[Start of Attachment]

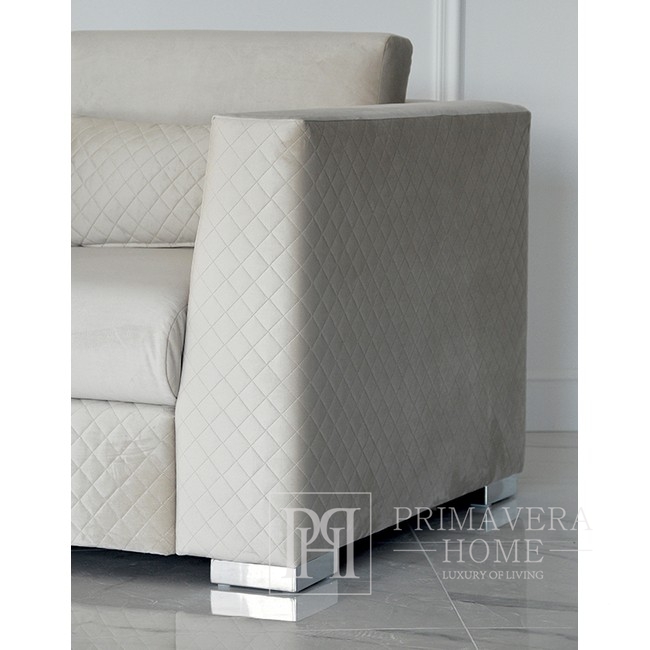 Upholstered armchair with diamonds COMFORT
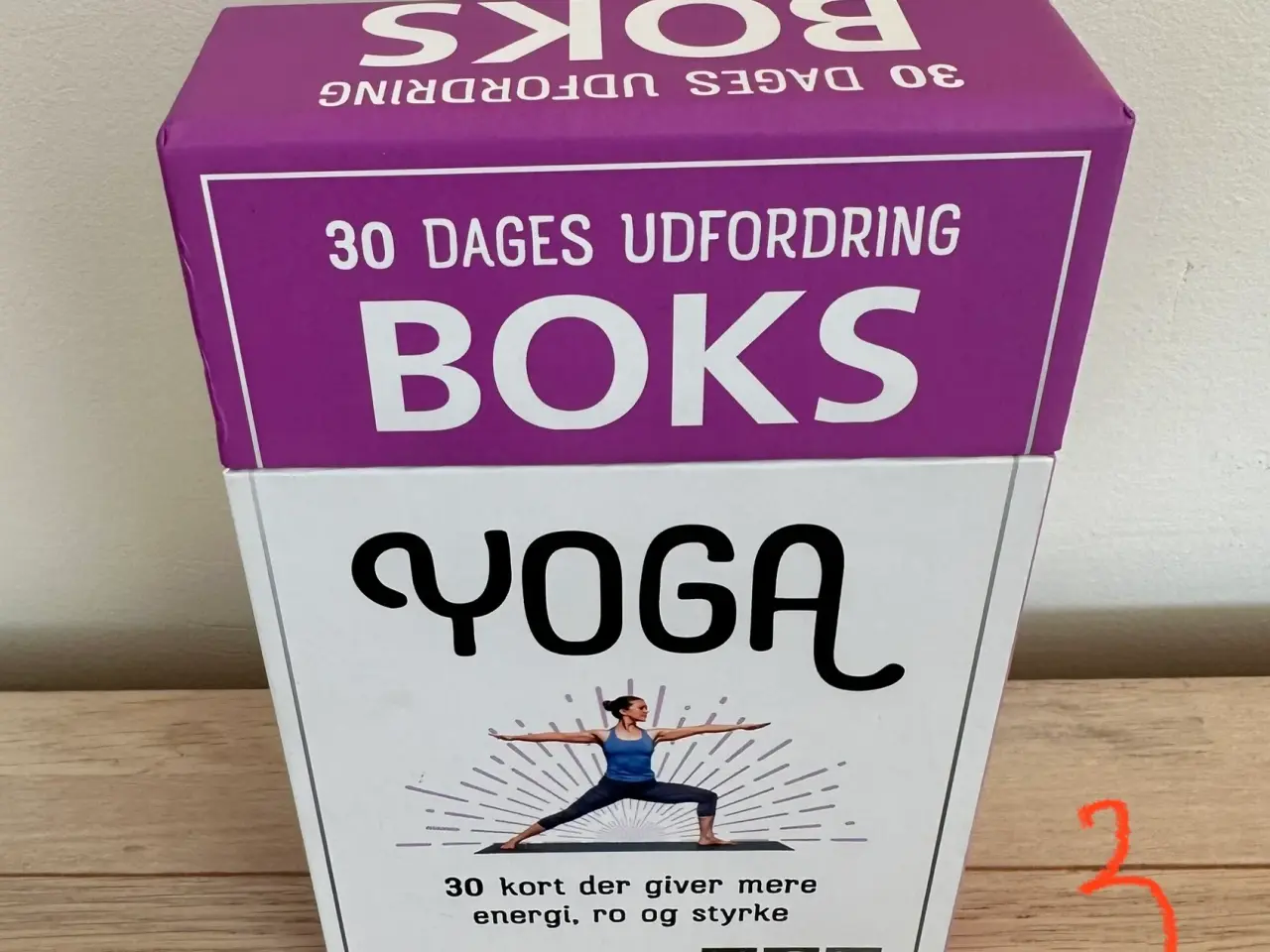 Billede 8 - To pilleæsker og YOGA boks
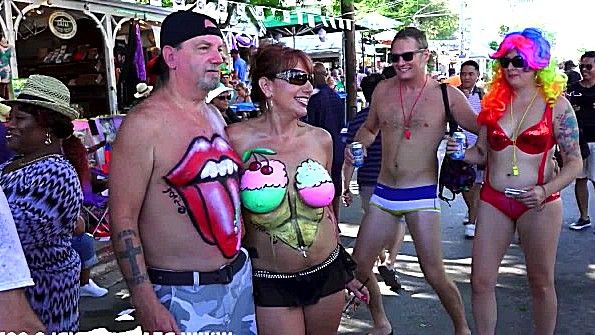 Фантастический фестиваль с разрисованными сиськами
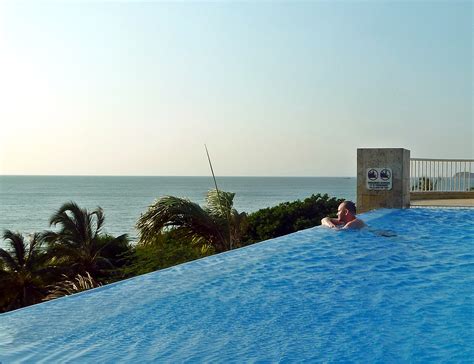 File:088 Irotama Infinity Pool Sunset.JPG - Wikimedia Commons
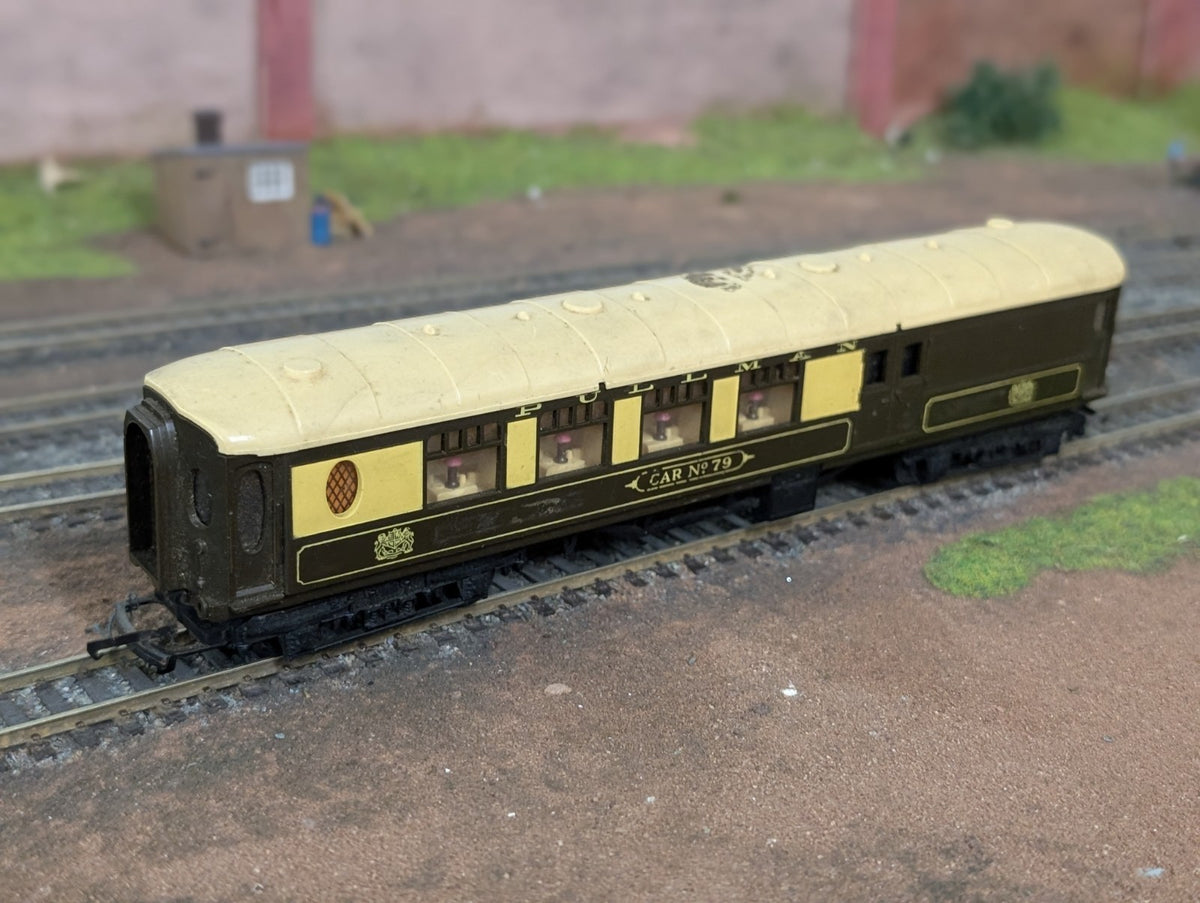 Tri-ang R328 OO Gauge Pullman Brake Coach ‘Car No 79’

[End of Attachment]

• [Activity]: With the pictures removed, output the listing above exactly.

• [Your response]:
 Upholstered armchair with diamonds COMFORT
 Billede 8 - To pilleæsker og YOGA boks
 Фантастический фестиваль с разрисованными сиськами
 File:088 Irotama Infinity Pool Sunset.JPG - Wikimedia Commons
 Tri-ang R328 OO Gauge Pullman Brake Coach ‘Car No 79’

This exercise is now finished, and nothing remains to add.